On n'avait pas mangé depuis longtemps. Alors Paul, debout au milieu d'eux, leur a dit: «Mes amis, il aurait fallu m'écouter et ne pas quitter la Crète, afin d'éviter ces dommages et ces pertes. Mais maintenant, je vous invite à prendre courage, car aucun de vous ne perdra la vie; seul le bateau sera perdu. En effet, un ange du Dieu auquel j'appartiens et que je sers m'est apparu cette nuit et m'a dit: ‘Paul, n’aie pas peur! Il faut que tu comparaisses devant l'empereur, et voici que Dieu t'accorde la vie de tous ceux qui naviguent avec toi.’ C'est pourquoi, mes amis, prenez courage! J'ai confiance en Dieu: tout se passera comme cela m'a été dit. Nous devons toutefois échouer sur une île.»
La quatorzième nuit, vers le milieu de la nuit, alors que nous étions ballottés sur l'Adriatique, les marins ont supposé que l'on approchait d'une terre. Ils ont jeté la sonde et trouvé 36 mètres de profondeur. Un peu plus loin, ils l’ont de nouveau jetée et ont trouvé 27 mètres. Dans la crainte d'échouer sur des récifs, ils ont jeté quatre ancres à l’arrière du bateau et attendu le jour avec impatience. Mais, alors que les marins cherchaient à s'échapper du bateau et mettaient le canot à la mer sous prétexte de jeter les ancres situées à l’avant, Paul a dit à l’officier et aux soldats: «Si ces hommes ne restent pas sur le bateau, vous ne pouvez pas être sauvés.» Alors les soldats ont coupé les cordages du canot et l’ont laissé tomber.

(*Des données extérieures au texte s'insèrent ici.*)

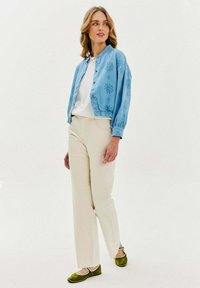 Světle modrá vyšívaná bunda, bílá košile, krémové kalhoty a zelené boty s bílými akcenty. Model stojí na pozadí bez vzoru.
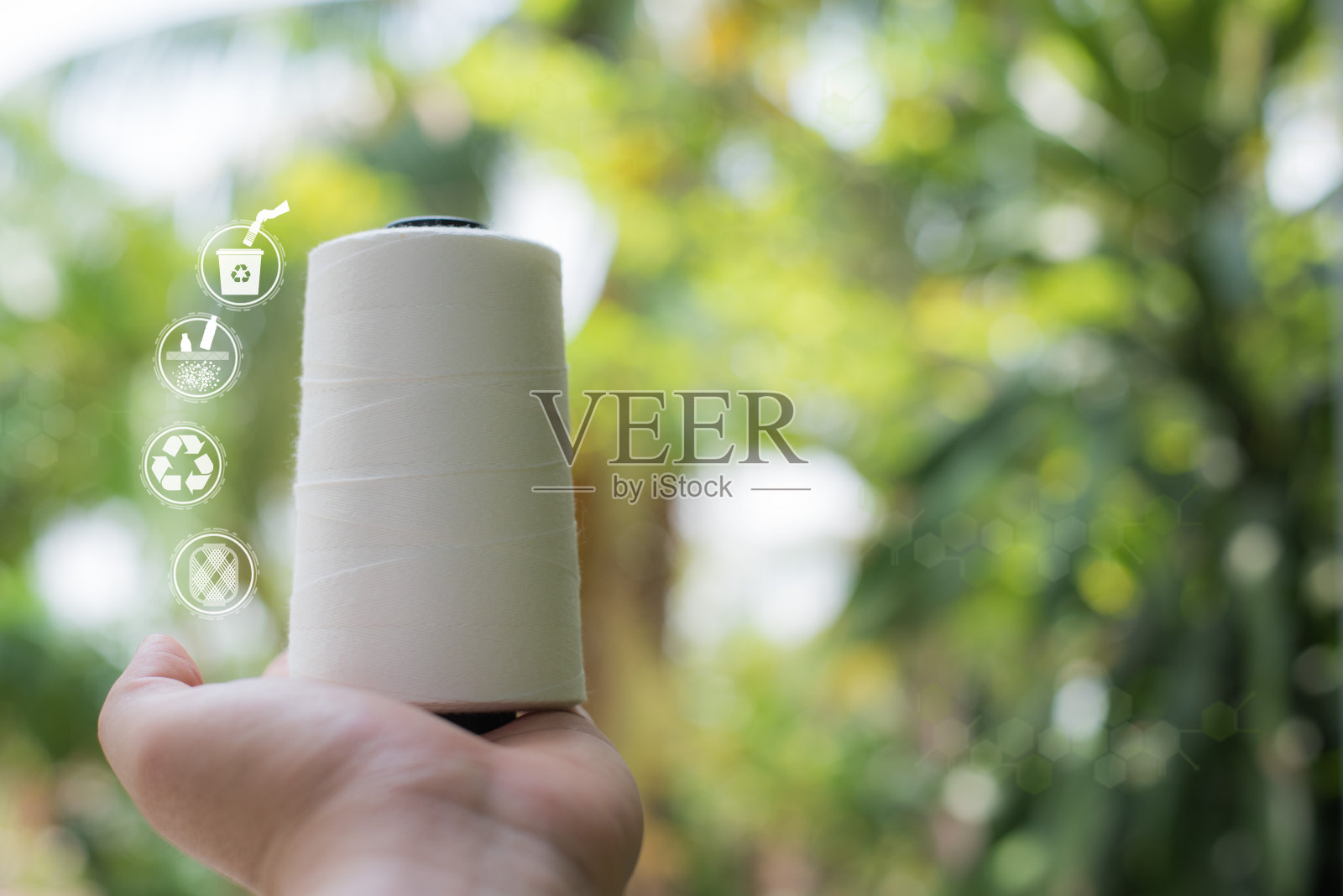 手持式原白涤纶FDY纱芯，涤纶长丝纱芯。聚酯纤维纱线，涤纶缝纫线与模糊的绿色背景。回收图标，可持续图标和瓶子图标照片摄影图片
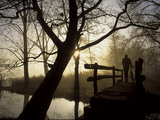 Buy Silhouette of a Man Pushing a Bicycle Along Lake Banyoles at AllPosters.com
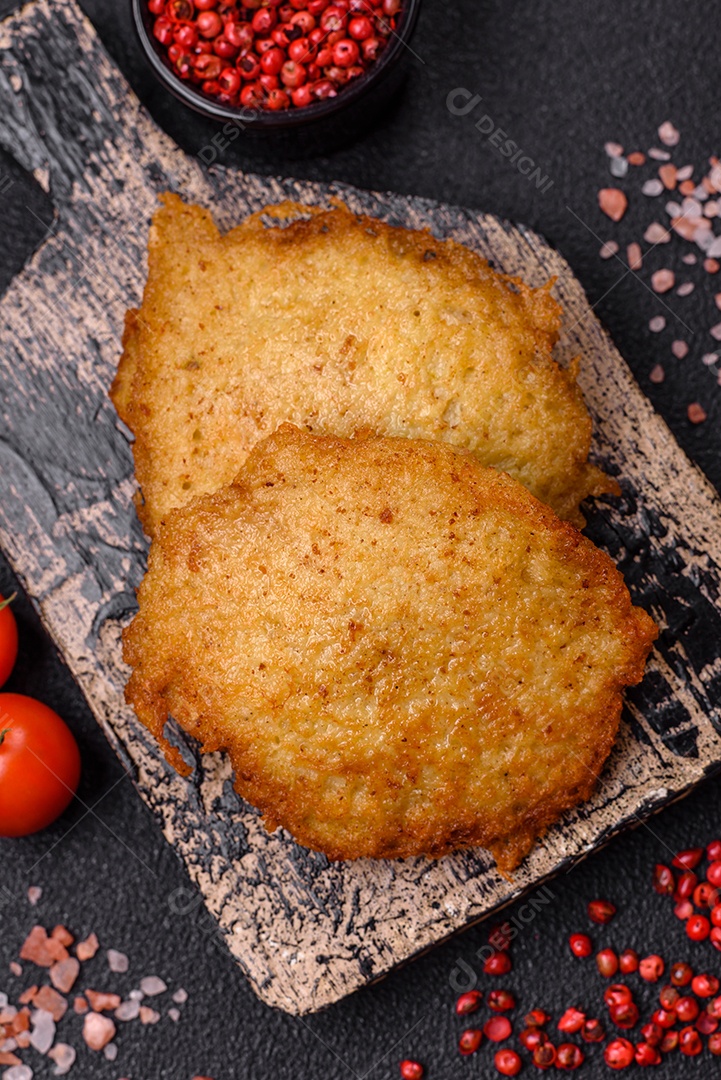 Deliciosas panquecas crocantes feitas de batatas, carne, cenouras, cebolas com sal, especiarias e ervas sobre um fundo escuro de concreto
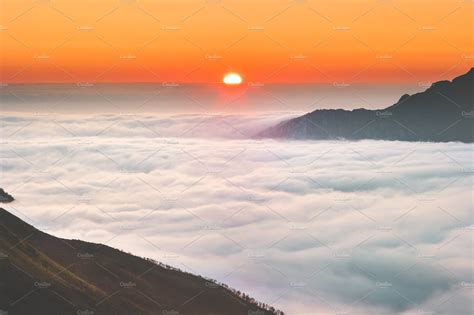 Sunrise Over Mountains Clouds Aerial Nature Stock Photos Creative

Avant que le jour se lève, Paul a encouragé tout le monde à prendre de la nourriture en disant: «C'est aujourd'hui le quatorzième jour que vous êtes dans l'attente sans manger, sans rien prendre. Je vous invite donc à prendre de la nourriture, car cela est nécessaire pour votre salut et aucun de vous ne perdra un cheveu de sa tête.» Après avoir dit cela, il a pris du pain, a remercié Dieu devant tous, puis il l’a rompu et s’est mis à manger. Alors tous ont repris courage et ont eux aussi mangé. Nous étions 276 personnes en tout sur le bateau. Une fois rassasiés, ils ont allégé le bateau en jetant le blé à la mer.
Au lever du jour, sans reconnaître l’endroit, ils ont aperçu un golfe avec une plage et décidé, si possible, d'y faire échouer le bateau. Ils ont détaché les ancres pour les laisser aller dans la mer et ont en même temps relâché les attaches des gouvernails. Puis ils ont mis au vent la voile d'artimon et se sont dirigés vers le rivage, mais ils sont tombés sur un banc de sable où ils ont fait échouer le bateau. L’avant du bateau s'y est enfoncé et a été immobilisé, tandis que l’arrière se brisait sous la violence [des vagues]. Les soldats étaient d’avis de tuer les prisonniers de peur que l’un d’eux ne s'échappe à la nage, mais l’officier, qui voulait sauver Paul, les a empêchés de mettre ce projet à exécution. Il a ordonné à ceux qui savaient nager de se jeter les premiers à l'eau pour gagner la terre et aux autres de s’agripper à des planches ou à des débris du bateau. C'est ainsi que tous sont parvenus sains et saufs à terre.